Addressing that issue we find a number of things happening. First off, the German high command had decided to forgo fully reinforcing Barbarossa's panzer divisions in order to pursue a number of competing and, in this author's opinion, questionable and secondary initiatives. For instance, they had been sending considerable numbers of replacement tanks to the Afrika Corp's two panzer divisions. An Afrika Corps that was at that time doing little more than fighting back and forth against the British and their Commonwealth Allies to see who could control Mussolini's strategically irrelevant Libyan colony. In addition, a larger number yet of Germany's surplus tanks had been redirected to equipping new armored formations being formed in the latter half of 1941, such as the 22nd, 23rd, and 24th Panzer Divisions. We also know additional tanks were delivered to Germany's Axis allies - albeit these deliveries included only 184 mostly obsolete models such as the Panzer 38(t). As to this last decision it must be said that it greatly bolstered the strength of Germany's allies and thus represented a wise and, given the numbers and quality of vehicles involved, cheap investment.
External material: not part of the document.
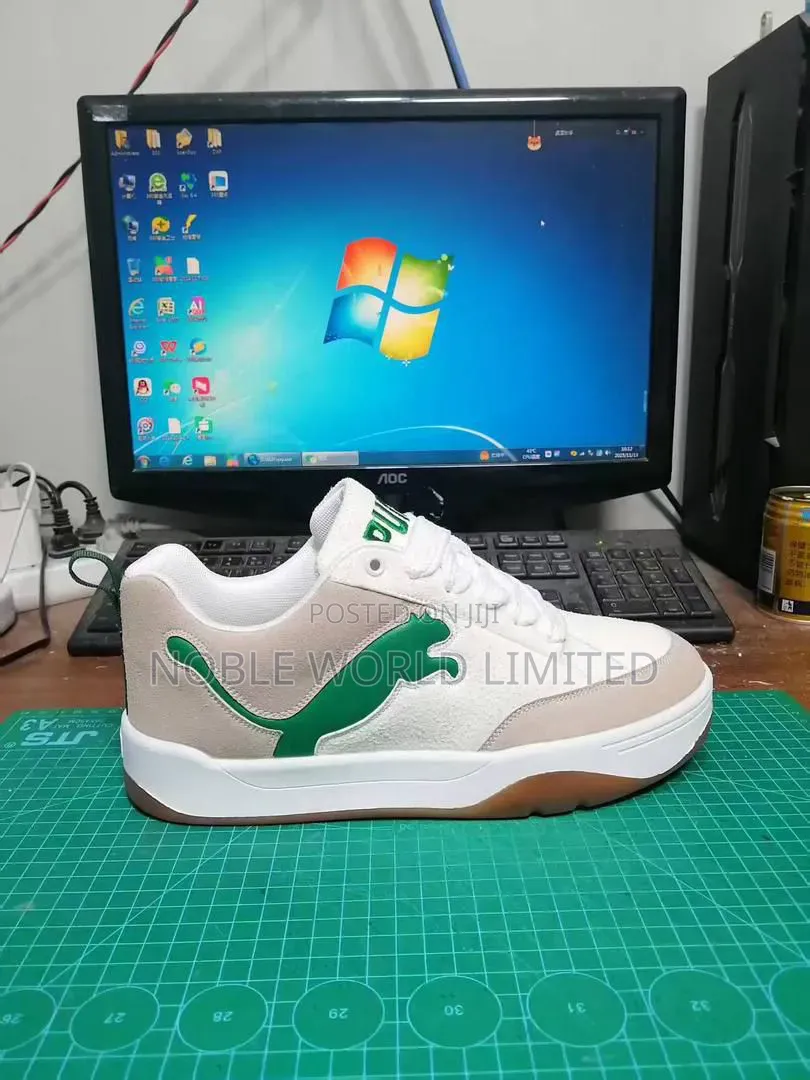 Premium Puma Unisex Sneakers GFT 7e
Taking all of these decisions together however, a larger picture emerges. For instance, in terms of our understanding, does it seem more likely that Germany lacked the productive capacity to maintain Barbarossa's existing panzer divisions (an idea backed by quantitative based theorists like Stahel) and a development that would mean every additional lost tank in Russia truly represented a slow creeping disaster Germany could not overcome? Or are we seeing that, on the other hand, the German high command had decided to divert resources elsewhere at the expense of the most important campaign in the Third Reich's history? The latter would fit within a qualitative based approach to the war's ouctome as it implicates the way Germany prosecuted the war as a primary factor in her defeat, not the fact that she was massively outproduced by the Allies and Soviet Union.
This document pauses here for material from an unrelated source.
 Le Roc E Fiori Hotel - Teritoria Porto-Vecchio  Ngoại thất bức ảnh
Now, going back and taking this information presented so far we can see in regards to the Ostheer's panzer divisions during the fall of 1941 that far from having shot their bolt the four panzergruppe's deployed in Russia still retained formidable strength when compared to their original complement of pre-Barbarossa panzers. Furthermore, the only thing in September of 1941 standing between the Ostheer's panzer division's fighting at 100% strength instead of roughly 75% strength in reality were the decisions made by Hitler and OKH/OKW in terms of how they allocated the output of German factories producing more than enough vehicles to keep the Ostheer's tank park fully supplied if that is what they had wanted to accomplish. All of which is indicative not of a Wehrmacht being ground into the dust under the weight of Allied and Soviet numerical superiority as postulated by brute force advocates such as David Stahel, but a German high command whose own decision making was undermining the Axis war effort from within. All of which once again leads us back to the fact that the numbers game many use to show the hopelessness of the German position doesn't add up. Nor does it work for producing a better understanding for why the Second World War ended as it did.